The founder of the idea of one god was Abraham, born in Ur in Mesopotamia in around 2000BCE though no one is quite sure of the date. Legend has it that for some reason Abraham and his family decided to migrate west. For many years they lived in Haran and then at the age of 75 he heard the voice of God for the first time. God instructed him to go to the land of Canaan.
On arrival Abraham encountered the gods of Canaan. In charge of the pantheon was El. He, together with a council of deities, kept order in the cosmos and in the human realm. El had a wife named Ashereh, goddess of fertility and symbolised by the tree of life. Their son Baal was the god of storm, their daughter Anat was the goddess of the harvest and in addition there were gods of the dawn, dusk, plague and death amongst others.
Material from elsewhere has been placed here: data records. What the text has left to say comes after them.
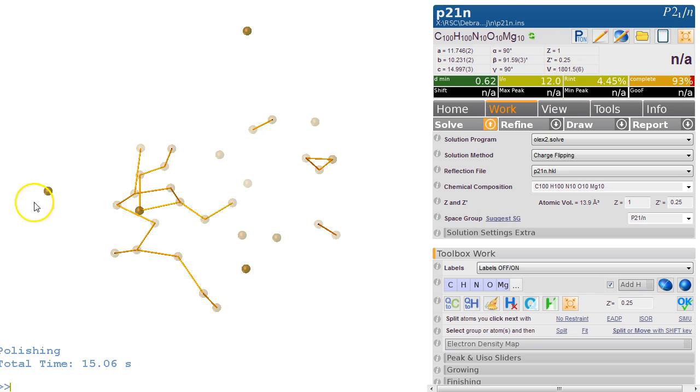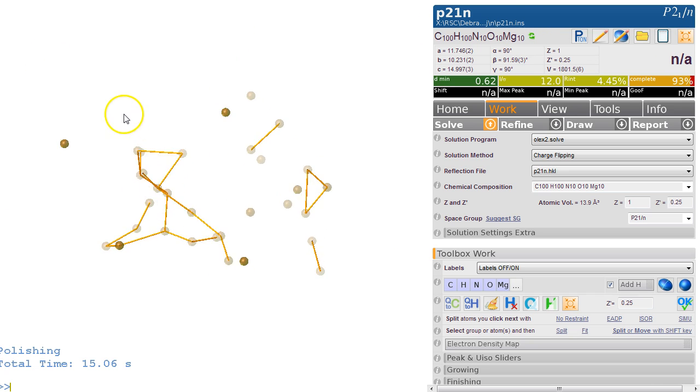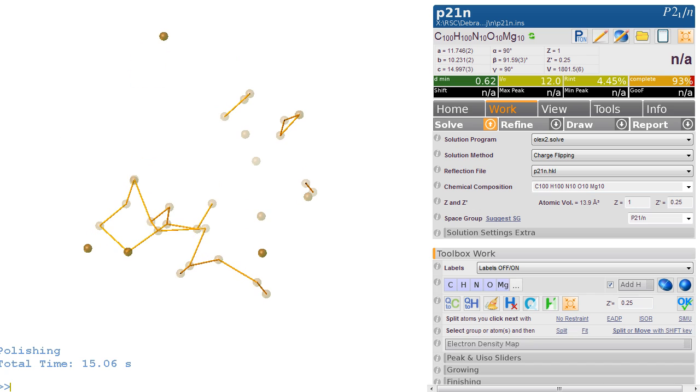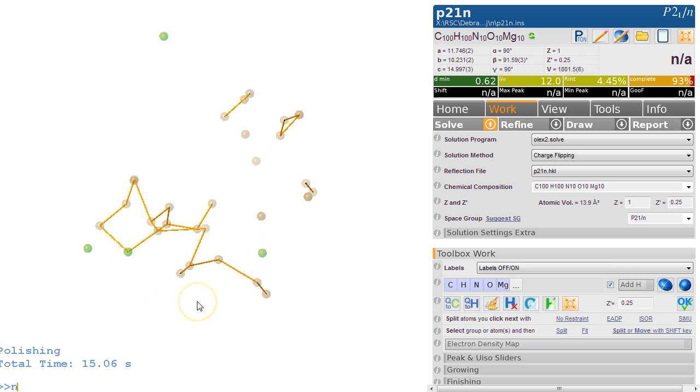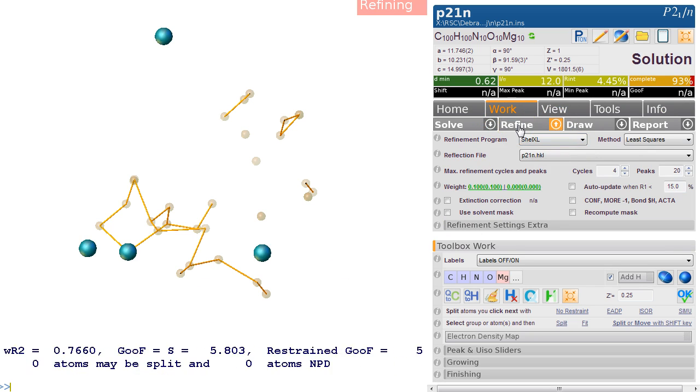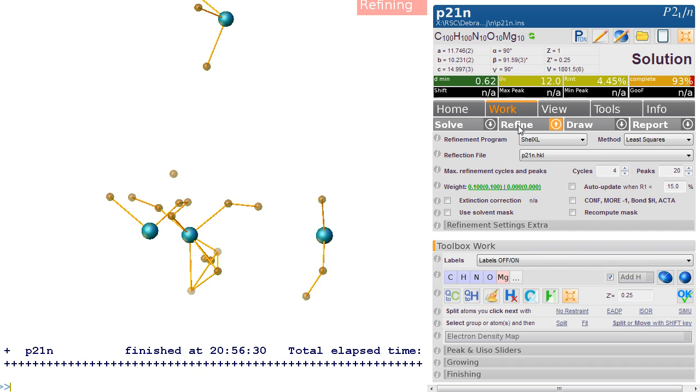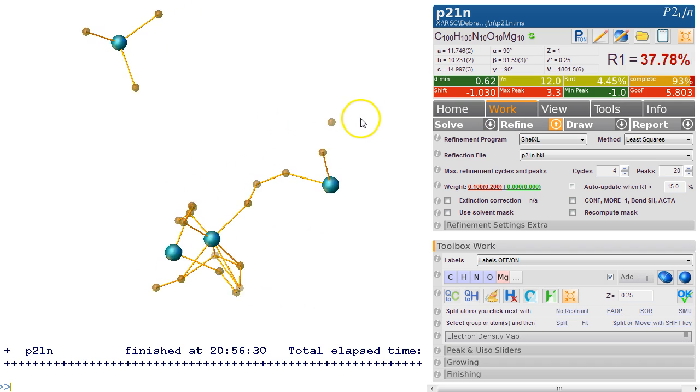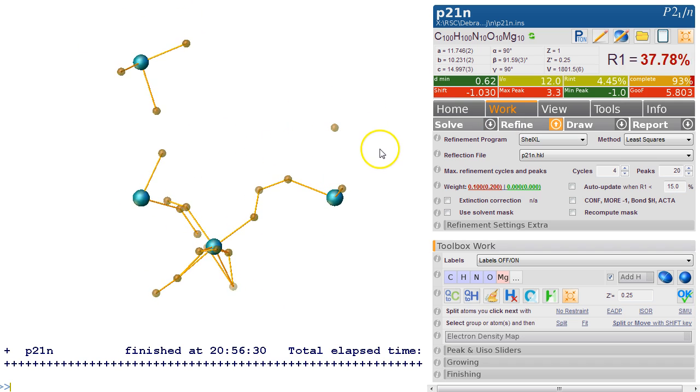We notice possibly magnesium in there. So what we'll try to do is just select these heavier things as magnesium, and we go 'name Mg' and just refine it and see what we get. So this looks not bad.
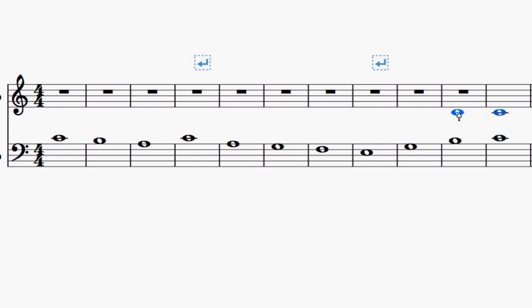Now, the second to last note, we can kind of figure that out too. We sort of have some options here, but not a lot of options. So we can pretty much come to a pretty good solution for the second to last note as well.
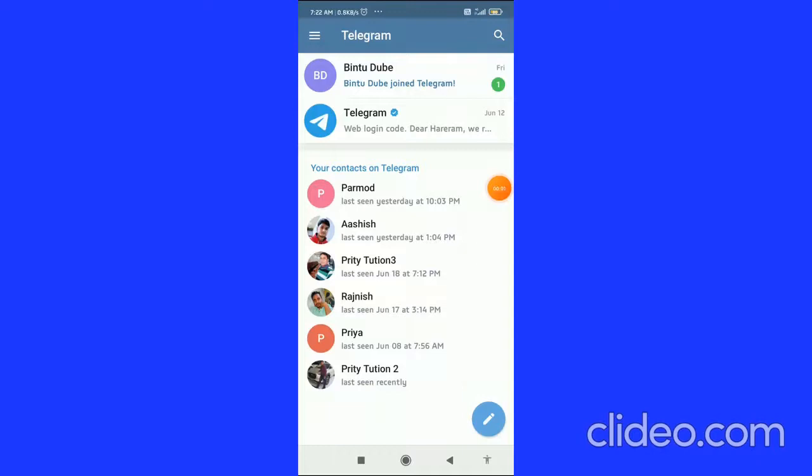To hide phone number in Telegram app, I'm going to show you guys in this quick video. So let's get started right away. First, what you have to do is you have to click on the...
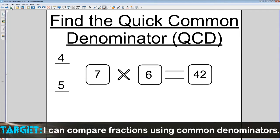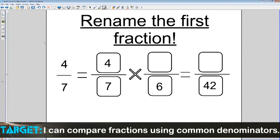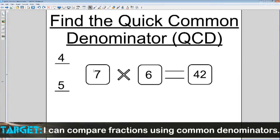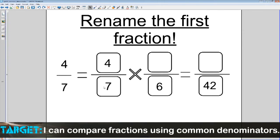Once you've found that, you take 42 and we're going to rename the first fraction. Don't freak out — it's very simple. We're renaming the first fraction, which is 4/7. I simply place it here as 4/7 times a blank over 6. Where does that 6 come from? That's what we multiplied 7 by to get 42. We want to make sure we keep this equal to 1, so we bring 6 up here. That way we're multiplying 4/7 by 1, which is 6/6. We take 4 times 6, which equals 24. So we've now renamed the first fraction, 4/7, to 24/42.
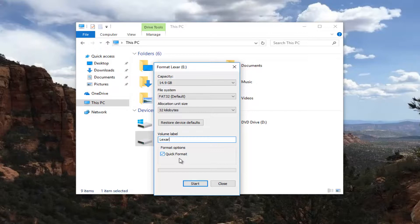Then you just left click on Start and you'll be prompted that formatting this device will erase all data on this disk. Just click Continue, let it run, and it should format the device pretty quickly.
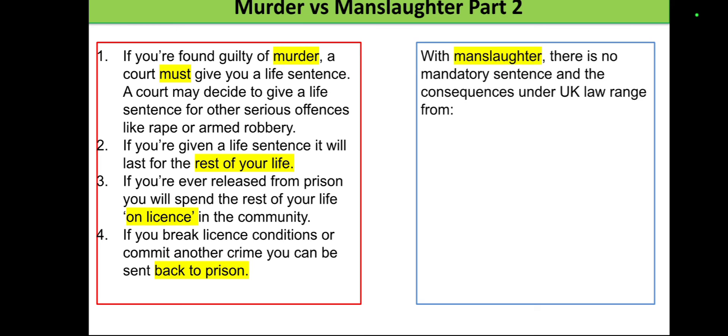With manslaughter, on the other hand, there is no mandatory sentence. The consequences under UK law can range across multiple things, based on what the judge and the court decide, the severity of the crime, and the profile of the case.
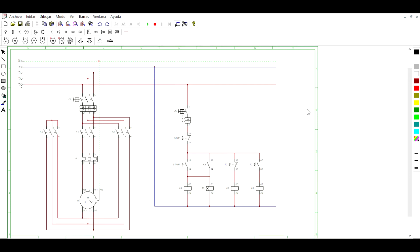Hello everyone, in this video we are going to explain and show the simulation of a star-delta starter circuit. Let's start.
The people of Israel were slow to adopt the idea of one god. The women in particular did not like the idea of losing their female fertility goddesses and there is evidence that for hundreds of years they refused to do this. Dr. Francesca Stavrakopoulou, biblical scholar, suggests that archeological finds at Ugarit in Syria and in the Sinai and in the bible itself show that worship of Asherah as the wife of God persisted for at least a thousand years until the Babylonian conquest of Israel. The loss of the temple in Jerusalem in the 6th century BCE led the scribes of the bible to abandon the pantheon of gods and turn to the one God for protection.
Dr. Stavrakopoulou suggests that the loss of Ashereh has led to religion becoming more masculine. If God is male then to be a man is to be like him.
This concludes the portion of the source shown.